Distressed Exchanges Could Spike In Popularity

Lenders may have the upper hand with regard to new loan seekers in today’s marketplace, but they still need to cooperate with their existing borrowers. Especially if they want to get paid back.

With little hope for an economic turnaround in the near-term, more and more companies are expected to default on their debt through missed interest payments or tripped covenants as cash flows continue to evaporate. A tide of defaults could cripple lenders, many of whom are already hurting from the sub-prime meltdown and writedowns on the secondary market. To mitigate further losses, debt providers are increasingly forgiving loans they think have a good chance of failing and replacing them with others they feel have a better chance of being serviced by borrowers.

Last year there were 12 such distressed exchanges in the United States, with sponsor-backed issuers accounting for nearly half of them, according to information compiled by Standard & Poor’s and Buyouts. Meantime, there is reason to believe those numbers will increase in 2009. One disturbing sign is that three quarters of the distressed exchanges that took place for the whole of 2008 occurred in the month of December alone. And with S&P forecasting that the speculative grade default rate for corporate debt will reach 13.9 percent by the end of 2009, it’s likely that more borrowers will seek distressed exchanges and more lenders will capitulate to the requests. Thrown in pressure from approaching maturities on existing debt and the weakness of the economy, and the stage seems pretty well set for a spike in such swaps.

In a typical distressed exchange, the borrower works out a deal to swap a debt security that’s at risk of default for another debt obligation furnished with either a smaller principal amount, a lower coupon or par amount or a combination of these relaxed terms. The benefits for the borrowers are manifold as they are able to bolster liquidity, extend maturities and reduce leverage. At times, the new debt product is higher in the capital structure than the original obligation.

Residential Capital LLC, the troubled home finance subsidiary of GMAC LLC (owned by Cerberus Capital Management) was the beneficiary of two distressed exchanges last year; one in June and another in December. GMAC LLC itself also held a distressed exchange at the close of the year. Other buyout-backed companies that have gone this route include casino owner Harrah’s Entertainment (Apollo Management and TPG) and construction equipment renter Neff Corp. (Lightyear Capital and Norwest Equity Partners).

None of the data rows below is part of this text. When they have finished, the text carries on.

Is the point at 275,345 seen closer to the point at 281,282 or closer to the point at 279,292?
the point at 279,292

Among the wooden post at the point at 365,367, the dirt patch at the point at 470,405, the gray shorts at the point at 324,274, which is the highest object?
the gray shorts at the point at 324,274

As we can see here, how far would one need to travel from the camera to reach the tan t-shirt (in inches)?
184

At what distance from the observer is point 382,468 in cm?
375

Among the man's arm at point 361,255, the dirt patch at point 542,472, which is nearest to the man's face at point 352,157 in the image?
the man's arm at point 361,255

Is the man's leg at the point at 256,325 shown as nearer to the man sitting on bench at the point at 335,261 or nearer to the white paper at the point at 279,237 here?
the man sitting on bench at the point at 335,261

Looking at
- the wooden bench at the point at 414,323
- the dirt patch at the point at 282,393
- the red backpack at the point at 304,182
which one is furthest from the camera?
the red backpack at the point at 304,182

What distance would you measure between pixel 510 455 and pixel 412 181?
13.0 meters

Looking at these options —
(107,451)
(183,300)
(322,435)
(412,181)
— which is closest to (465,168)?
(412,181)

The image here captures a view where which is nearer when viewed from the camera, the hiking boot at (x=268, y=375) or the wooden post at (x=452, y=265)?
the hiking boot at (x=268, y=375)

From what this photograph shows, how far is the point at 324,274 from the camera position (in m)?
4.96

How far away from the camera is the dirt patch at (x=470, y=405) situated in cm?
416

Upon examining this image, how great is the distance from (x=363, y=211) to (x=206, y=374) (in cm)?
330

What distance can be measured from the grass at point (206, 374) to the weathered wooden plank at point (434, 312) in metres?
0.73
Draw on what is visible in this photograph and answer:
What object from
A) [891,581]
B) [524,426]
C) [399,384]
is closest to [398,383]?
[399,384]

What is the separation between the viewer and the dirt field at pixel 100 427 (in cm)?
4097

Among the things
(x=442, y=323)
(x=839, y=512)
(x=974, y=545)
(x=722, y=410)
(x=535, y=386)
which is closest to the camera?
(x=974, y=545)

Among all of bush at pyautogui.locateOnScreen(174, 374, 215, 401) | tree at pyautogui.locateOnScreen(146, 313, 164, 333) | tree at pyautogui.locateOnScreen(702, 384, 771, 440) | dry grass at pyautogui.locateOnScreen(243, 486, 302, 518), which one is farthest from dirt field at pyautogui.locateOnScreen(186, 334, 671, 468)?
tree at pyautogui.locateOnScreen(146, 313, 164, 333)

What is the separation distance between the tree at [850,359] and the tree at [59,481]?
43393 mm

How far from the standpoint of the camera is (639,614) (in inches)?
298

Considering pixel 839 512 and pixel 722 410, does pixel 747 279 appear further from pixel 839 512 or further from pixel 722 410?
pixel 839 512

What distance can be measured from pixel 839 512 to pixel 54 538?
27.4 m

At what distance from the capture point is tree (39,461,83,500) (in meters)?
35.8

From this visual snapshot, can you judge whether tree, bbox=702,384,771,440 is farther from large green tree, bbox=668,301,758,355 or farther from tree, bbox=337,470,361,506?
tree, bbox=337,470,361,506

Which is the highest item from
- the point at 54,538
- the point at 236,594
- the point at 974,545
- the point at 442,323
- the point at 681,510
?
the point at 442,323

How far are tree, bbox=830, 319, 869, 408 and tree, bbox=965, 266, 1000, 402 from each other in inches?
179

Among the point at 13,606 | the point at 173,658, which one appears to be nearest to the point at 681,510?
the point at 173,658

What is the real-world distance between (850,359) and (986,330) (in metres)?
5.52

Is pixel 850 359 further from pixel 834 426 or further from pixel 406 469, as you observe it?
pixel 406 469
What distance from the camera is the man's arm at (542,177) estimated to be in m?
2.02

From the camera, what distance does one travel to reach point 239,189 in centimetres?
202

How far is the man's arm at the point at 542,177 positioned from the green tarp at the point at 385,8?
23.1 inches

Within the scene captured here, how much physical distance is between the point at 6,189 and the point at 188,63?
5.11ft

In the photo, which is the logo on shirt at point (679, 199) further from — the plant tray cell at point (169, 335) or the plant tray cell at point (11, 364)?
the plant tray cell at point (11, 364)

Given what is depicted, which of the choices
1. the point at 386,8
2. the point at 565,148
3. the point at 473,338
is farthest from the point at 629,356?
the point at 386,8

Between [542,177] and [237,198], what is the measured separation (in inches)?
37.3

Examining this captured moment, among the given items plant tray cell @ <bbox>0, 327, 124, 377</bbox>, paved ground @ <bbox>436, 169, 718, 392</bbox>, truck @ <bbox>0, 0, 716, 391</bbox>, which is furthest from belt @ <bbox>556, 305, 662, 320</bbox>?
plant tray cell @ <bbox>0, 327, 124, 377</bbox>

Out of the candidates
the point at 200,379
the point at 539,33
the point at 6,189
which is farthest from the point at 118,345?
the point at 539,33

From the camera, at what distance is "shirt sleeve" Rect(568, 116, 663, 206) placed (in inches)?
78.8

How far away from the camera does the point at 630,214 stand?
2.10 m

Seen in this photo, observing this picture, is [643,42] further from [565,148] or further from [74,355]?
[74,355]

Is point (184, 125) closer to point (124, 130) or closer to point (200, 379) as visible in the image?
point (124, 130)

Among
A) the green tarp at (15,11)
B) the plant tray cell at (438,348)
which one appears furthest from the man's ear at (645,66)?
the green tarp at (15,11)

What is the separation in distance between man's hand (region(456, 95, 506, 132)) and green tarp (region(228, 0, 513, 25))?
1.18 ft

Though the move gives a company relief and may even enable it to wiggle its way out of, or at least prolong, a default, the credit ratings agencies have a less than favorable view of distressed exchanges since the transactions almost always lead to a monetary loss for the creditor.

“In most cases, investors are essentially coerced into accepting the offer, as the alternative could be bankruptcy, which could lead to a lower value for debt claims,” Standard & Poor’s said in a research note it issued last month on the topic. Both S&P and Moody’s Investors Service classify distressed exchanges as tantamount to default since the obligations on the original piece of debt weren’t met.

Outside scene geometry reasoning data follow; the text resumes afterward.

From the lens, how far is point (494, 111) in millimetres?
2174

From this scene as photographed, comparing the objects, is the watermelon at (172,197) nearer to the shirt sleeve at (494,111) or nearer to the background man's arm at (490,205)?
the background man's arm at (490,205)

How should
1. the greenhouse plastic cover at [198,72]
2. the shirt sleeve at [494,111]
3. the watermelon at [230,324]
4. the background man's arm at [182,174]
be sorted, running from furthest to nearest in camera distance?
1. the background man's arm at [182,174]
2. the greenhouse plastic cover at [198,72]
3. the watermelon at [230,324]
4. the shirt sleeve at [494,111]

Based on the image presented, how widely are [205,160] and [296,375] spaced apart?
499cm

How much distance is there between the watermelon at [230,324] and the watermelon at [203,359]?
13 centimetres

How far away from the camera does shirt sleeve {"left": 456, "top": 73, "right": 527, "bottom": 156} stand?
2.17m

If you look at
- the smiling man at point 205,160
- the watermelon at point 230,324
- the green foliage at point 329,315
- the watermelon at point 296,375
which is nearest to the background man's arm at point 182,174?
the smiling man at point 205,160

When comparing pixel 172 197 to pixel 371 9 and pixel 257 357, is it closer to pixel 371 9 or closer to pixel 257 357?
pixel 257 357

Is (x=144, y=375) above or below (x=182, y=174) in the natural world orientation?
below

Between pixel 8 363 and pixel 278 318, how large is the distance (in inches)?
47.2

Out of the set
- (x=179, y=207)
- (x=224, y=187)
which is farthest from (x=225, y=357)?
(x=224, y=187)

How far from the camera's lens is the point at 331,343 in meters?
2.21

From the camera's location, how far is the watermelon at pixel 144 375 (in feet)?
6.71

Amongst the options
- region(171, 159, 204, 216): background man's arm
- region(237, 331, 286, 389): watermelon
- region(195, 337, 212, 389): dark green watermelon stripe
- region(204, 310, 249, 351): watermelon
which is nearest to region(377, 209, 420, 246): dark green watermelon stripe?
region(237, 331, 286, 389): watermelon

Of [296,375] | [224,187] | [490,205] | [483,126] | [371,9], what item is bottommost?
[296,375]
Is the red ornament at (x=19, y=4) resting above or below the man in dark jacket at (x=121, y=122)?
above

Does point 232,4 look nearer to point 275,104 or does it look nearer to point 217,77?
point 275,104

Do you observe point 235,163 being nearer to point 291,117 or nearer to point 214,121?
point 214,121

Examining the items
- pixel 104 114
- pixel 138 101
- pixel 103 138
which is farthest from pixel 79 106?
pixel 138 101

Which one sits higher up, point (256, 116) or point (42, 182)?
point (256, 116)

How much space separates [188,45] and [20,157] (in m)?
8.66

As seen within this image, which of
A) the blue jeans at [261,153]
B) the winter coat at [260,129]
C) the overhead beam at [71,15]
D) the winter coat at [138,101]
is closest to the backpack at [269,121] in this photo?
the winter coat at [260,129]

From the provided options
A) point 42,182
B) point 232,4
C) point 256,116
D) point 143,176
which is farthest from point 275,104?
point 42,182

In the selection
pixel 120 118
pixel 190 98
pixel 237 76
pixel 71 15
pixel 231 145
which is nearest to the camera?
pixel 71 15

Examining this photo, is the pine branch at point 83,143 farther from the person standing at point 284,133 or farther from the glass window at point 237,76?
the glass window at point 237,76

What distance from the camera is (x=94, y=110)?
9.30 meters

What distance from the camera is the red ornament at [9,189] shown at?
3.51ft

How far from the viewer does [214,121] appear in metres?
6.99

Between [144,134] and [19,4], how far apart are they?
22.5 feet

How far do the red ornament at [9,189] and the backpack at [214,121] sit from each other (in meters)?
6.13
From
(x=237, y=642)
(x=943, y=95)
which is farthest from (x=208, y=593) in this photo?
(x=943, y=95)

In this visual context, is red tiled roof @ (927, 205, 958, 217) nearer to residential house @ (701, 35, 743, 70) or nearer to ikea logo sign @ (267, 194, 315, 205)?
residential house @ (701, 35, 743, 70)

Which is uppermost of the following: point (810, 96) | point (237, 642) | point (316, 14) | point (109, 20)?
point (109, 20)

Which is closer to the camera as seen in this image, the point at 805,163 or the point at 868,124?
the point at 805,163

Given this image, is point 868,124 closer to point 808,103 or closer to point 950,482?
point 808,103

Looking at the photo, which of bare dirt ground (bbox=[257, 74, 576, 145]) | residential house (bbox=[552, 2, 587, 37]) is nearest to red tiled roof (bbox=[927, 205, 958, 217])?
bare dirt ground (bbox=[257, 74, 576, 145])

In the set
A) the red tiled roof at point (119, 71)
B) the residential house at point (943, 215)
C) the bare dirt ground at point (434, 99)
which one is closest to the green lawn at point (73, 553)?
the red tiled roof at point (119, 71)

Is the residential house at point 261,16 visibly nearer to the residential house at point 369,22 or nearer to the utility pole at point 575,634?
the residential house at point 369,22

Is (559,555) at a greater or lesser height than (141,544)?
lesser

Meanwhile, for lenders, “the basic assumption is that a distressed exchange would provide more value to creditors than a bankruptcy or creditors would refuse to participate,” the S&P note offers. Also, there is the reassurance for providers of subordinated debt that they know what they are being offered in a distressed exchange, versus the potential uncertainty of how things will work out in a bankruptcy situation, S&P said.